Menteri Keuangan Sri Mulyani Indrawati mengungkapkan bahwa pelemahan nilai tukar rupiah yang menembus level Rp16.300 per dolar AS tidak terlepas dari kebijakan Amerika Serikat (AS), terutama sejak Presiden Donald Trump kembali menjabat.

Sri Mulyani menjelaskan bahwa pada akhir 2024, rupiah masih berada di level Rp16.162 per dolar AS, dengan rata-rata nilai tukar sepanjang tahun sebesar Rp15.847 per dolar AS. Namun, memasuki 2025, rupiah terus mengalami pelemahan. Pada 10 Maret 2025, nilai tukar tercatat di Rp16.340 per dolar AS, dengan rata-rata tahun berjalan (year-to-date/ytd) mencapai Rp16.309 per dolar AS.

Menurut Sri Mulyani, pelemahan ini sebagian besar dipicu oleh kebijakan Trump yang berdampak luas pada pasar keuangan global.

“Mulai Januari, dan terutama semenjak Presiden Donald Trump dilantik, begitu banyak kebijakan eksekutif Trump yang terus-menerus menimbulkan gejolak. Gejolak ini dirasakan di seluruh dunia dan ini terefleksikan pada kurs rupiah,” ujarnya.

Dinamika Global dan Pasar Obligasi Indonesia

Selain pergerakan nilai tukar, gejolak ekonomi global juga memengaruhi imbal hasil (yield) Surat Berharga Negara (SBN) tenor 10 tahun. Hingga 10 Maret 2025, yield SBN mengalami fluktuasi dan ditutup di level 6,88 persen, dengan rata-rata tahun berjalan di 6,98 persen.

Meskipun demikian, Kementerian Keuangan menilai bahwa yield SBN masih berada pada level yang kompetitif dan stabil. Pemerintah terus mewaspadai risiko global serta mengambil langkah-langkah mitigasi guna menjaga stabilitas pasar keuangan domestik.

Namun, tekanan terhadap rupiah berlanjut. Pada penutupan perdagangan Rabu (12/3) di Jakarta, rupiah melemah 44 poin atau 0,27 persen, turun ke Rp16.452 per dolar AS dari sebelumnya Rp16.409 per dolar AS.

Faktor Internal: Pengaruh Rating Fitch terhadap Rupiah

Selain faktor eksternal, tekanan terhadap rupiah juga dipengaruhi oleh hasil penilaian lembaga pemeringkat kredit Fitch Ratings. Kepala Ekonom Bank Permata, Josua Pardede, menilai bahwa pelemahan rupiah turut didorong oleh rilis rating terbaru dari Fitch.

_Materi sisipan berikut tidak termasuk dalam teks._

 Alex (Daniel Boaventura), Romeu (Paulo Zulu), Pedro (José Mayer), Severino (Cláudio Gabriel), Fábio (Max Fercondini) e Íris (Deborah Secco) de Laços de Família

“Fitch mengafirmasi (kredit) rating Indonesia di level ‘BBB’ dengan outlook stable pada Selasa (11/3). Namun, Fitch menggarisbawahi potensi ketidakpastian dari APBN, terutama dalam jangka menengah, dan memperkirakan pelebaran defisit di tahun-tahun mendatang,” ujarnya kepada ANTARA di Jakarta, Rabu.

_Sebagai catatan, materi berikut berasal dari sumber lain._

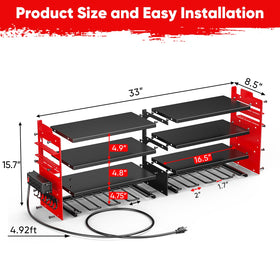 POKIPO wall-mount tool shelf supports up to 600 lbs keeping heavy tools organized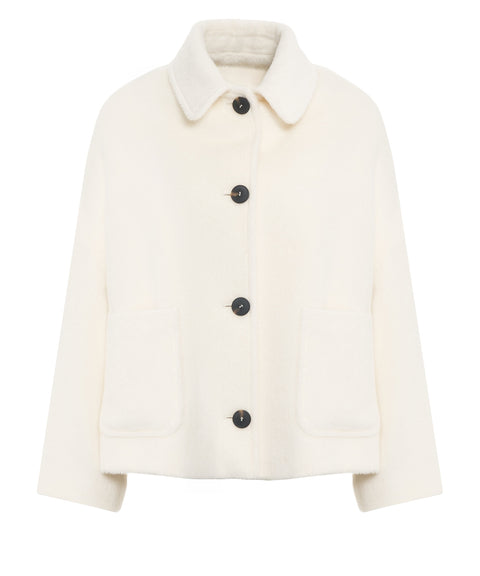Alpaca jacket with patch pockets
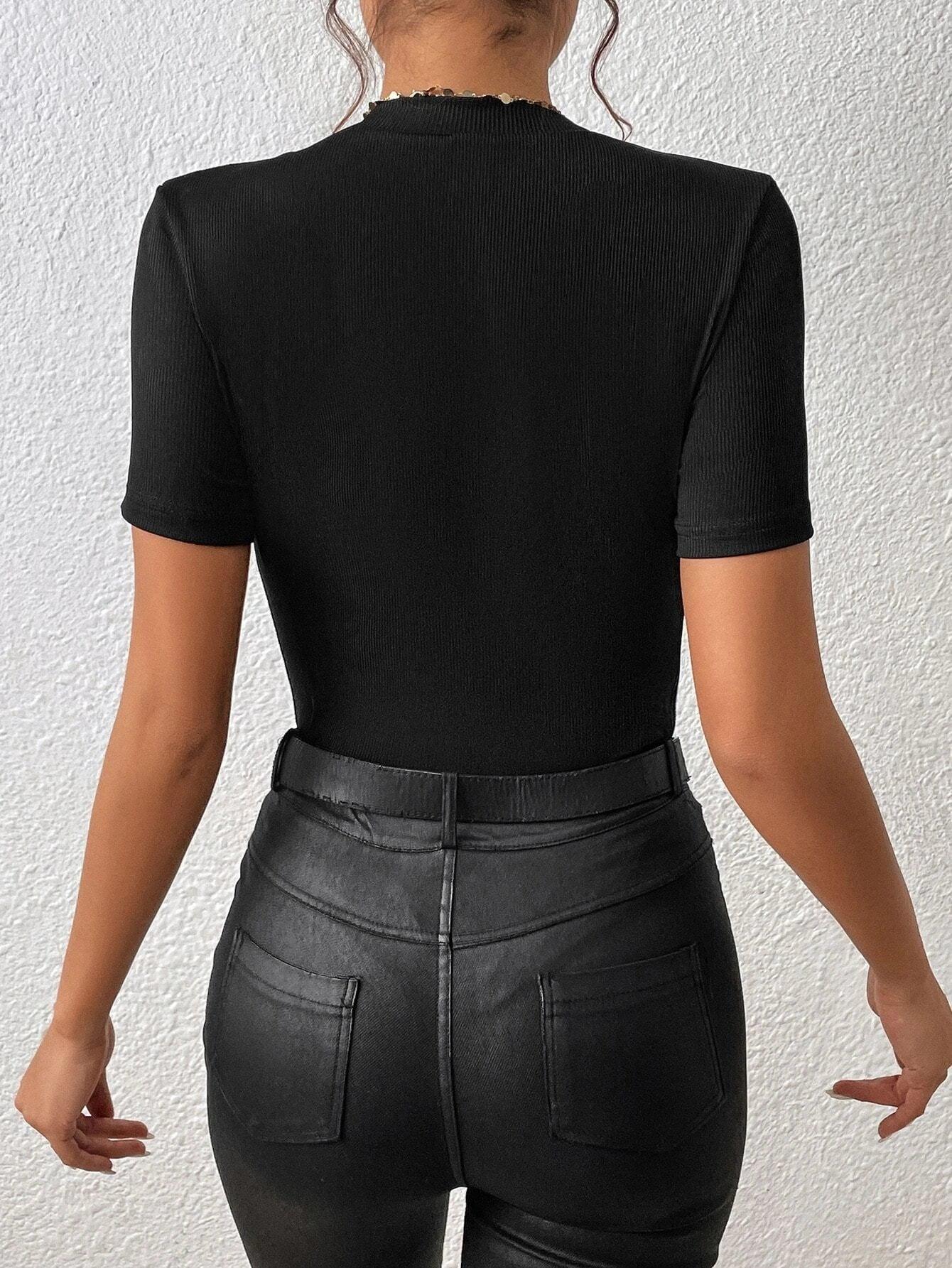 Elegant V Neck Tee Button Front Bodysuit-Comfy Jumpsuits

Fitch memproyeksikan bahwa defisit fiskal Indonesia akan sedikit melebar menjadi 2,5 persen dari PDB pada tahun ini, dibandingkan dengan 2,29 persen pada 2024. Kondisi ini mengindikasikan bahwa Indonesia perlu lebih berhati-hati dalam mengelola keuangan negara guna menjaga kredibilitas fiskal di mata investor global.

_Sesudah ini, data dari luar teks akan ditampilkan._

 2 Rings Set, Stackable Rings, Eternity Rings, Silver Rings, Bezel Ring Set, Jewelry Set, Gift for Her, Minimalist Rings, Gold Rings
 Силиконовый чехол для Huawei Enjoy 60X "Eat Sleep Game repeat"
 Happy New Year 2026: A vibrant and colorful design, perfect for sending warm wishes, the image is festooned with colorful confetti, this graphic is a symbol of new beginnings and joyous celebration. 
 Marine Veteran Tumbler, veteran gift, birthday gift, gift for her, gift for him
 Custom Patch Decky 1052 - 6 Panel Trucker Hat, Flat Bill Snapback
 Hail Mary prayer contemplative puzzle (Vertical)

Selain itu, Fitch menyoroti potensi tantangan pertumbuhan ekonomi Indonesia pada 2026, yang dapat dipicu oleh penurunan permintaan impor dari China serta kebijakan tarif tinggi yang diterapkan oleh AS di bawah kepemimpinan Trump.

Sovereign Wealth Fund Danantara dan Risiko Kewajiban Kontijensi

Fitch juga memberikan perhatian khusus pada pembentukan sovereign wealth fund (SWF) Danantara, yang dibentuk oleh pemerintah Indonesia untuk mendukung pembangunan berkelanjutan dan menarik investasi strategis.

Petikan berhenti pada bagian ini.